Sous Vide Baby Back Ribs Showdown – 48 Hour vs 6 Hour
I wanted to sous vide a rack of baby back ribs – they were on special at my local grocery store, and I’ve been meaning to try pork ribs sous vide. When I went looking for recipes, I found out there were two schools of thought on how to sous vide ribs:
- 6 hours at 167°F/75°C. Use sous vide as a precise version of low and slow barbecue. Set the sous vide machine to 167°F, wait six hours, and pull out tender, shreddable ribs.
- 48 hours at 141°F /60.5°C. Cook the baby back ribs like pork chops…for a very long time. In this method, you let the ribs cook for at least 24 hours – I go with 48 hours
That got my curiosity going – what’s the difference? Which should I use? So, I ran back to the store, picked up a second slab of ribs, and plugged in my sous vide cookers. One batch went for two days, and the second went for four hours. Which contender came out on top?
In the right corner… 6 hour, 167°F Ribs
Cooking at traditional “low and slow” temperatures results in a traditional rib, with tender meat that comes off the bone in shreds. The results are like oven baked ribs, but they’re not as good as what you’d get from a true barbecue smoker. 1 Still, they’re good ribs, especially slathered with a layer of barbecue sauce and run under the broiler to crisp up. If you’re cooking for people who – ugh – boil their ribs to “tenderize” them before finishing on the grill, make these instead.
In the left corner…48 hour, 141°F Ribs
This is modernist cooking, using food science and precise temperatures. The long cooking time breaks down the collagen in the ribs, even at this low of a temperature, resulting in tender ribs, but the meat doesn’t dry out because of the low cooking temperature. These ribs are a revelation, with meat that slips right off the bone when you take a bite. It is perfectly tender, but still has a hint of pink and medium doneness. It is like biting into the most tender pork roast you’ve ever had.
The winner is…
Which do I prefer? The 48 hour ribs. I’m definitely going to make those again. The 6 hour ribs are a good, not great version of traditional ribs. I’d rather fire up my grill and get a good dose of smoke and some bite to the outside of the ribs. The 48 hour ribs are something completely different, and worth their own cooking technique.

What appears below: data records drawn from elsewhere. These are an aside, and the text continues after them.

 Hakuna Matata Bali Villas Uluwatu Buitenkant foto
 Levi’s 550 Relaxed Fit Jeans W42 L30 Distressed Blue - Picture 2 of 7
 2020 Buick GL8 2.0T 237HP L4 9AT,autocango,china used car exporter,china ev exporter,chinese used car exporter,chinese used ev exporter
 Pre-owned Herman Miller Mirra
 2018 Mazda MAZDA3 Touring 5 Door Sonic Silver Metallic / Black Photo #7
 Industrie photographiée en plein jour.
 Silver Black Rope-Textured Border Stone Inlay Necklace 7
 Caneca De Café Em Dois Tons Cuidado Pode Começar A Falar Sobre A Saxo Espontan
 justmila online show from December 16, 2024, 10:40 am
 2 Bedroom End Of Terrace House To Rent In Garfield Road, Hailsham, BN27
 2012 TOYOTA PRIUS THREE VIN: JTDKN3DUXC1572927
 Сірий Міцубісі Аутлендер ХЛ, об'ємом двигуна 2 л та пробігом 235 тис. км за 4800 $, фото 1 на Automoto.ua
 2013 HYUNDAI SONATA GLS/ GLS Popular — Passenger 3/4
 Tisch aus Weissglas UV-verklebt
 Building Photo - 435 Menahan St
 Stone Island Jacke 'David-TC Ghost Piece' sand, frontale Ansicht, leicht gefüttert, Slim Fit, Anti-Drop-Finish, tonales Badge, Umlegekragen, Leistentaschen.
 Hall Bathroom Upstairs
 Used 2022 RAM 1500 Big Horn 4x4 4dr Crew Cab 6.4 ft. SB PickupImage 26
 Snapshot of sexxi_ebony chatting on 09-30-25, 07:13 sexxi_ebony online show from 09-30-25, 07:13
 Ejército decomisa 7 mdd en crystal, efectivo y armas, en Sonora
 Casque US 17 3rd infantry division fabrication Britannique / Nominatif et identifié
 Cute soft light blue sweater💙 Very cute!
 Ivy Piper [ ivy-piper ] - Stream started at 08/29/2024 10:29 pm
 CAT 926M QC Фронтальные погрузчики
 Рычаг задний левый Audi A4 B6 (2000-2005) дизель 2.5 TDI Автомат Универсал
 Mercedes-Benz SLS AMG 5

I do think 6 hour ribs have their place. Sometimes life gets in the way, and dinner is about getting good food on the table instead of searching for the perfect meal. A bag of ribs in the freezer means I’m ready to go – I can drop them in the sous vide at lunchtime and get back to work. Then I have tender ribs ready any time I need them, between 6PM and 9PM; cut open the bag, brush with sauce, run the ribs under the broiler for a couple of minutes, and I have a minimal effort dinner. 2
- Owning multiple sous vide units comes in handy when I’m doing tests like this. And, I have to say, I really like the SousVide Supreme unit for multi-day cooking. The insulated, one piece body with a lid holds on to heat better than my other units, and I don’t have to worry about evaporation.
What do you think?
Questions? Other ideas? Leave them in the comments section below.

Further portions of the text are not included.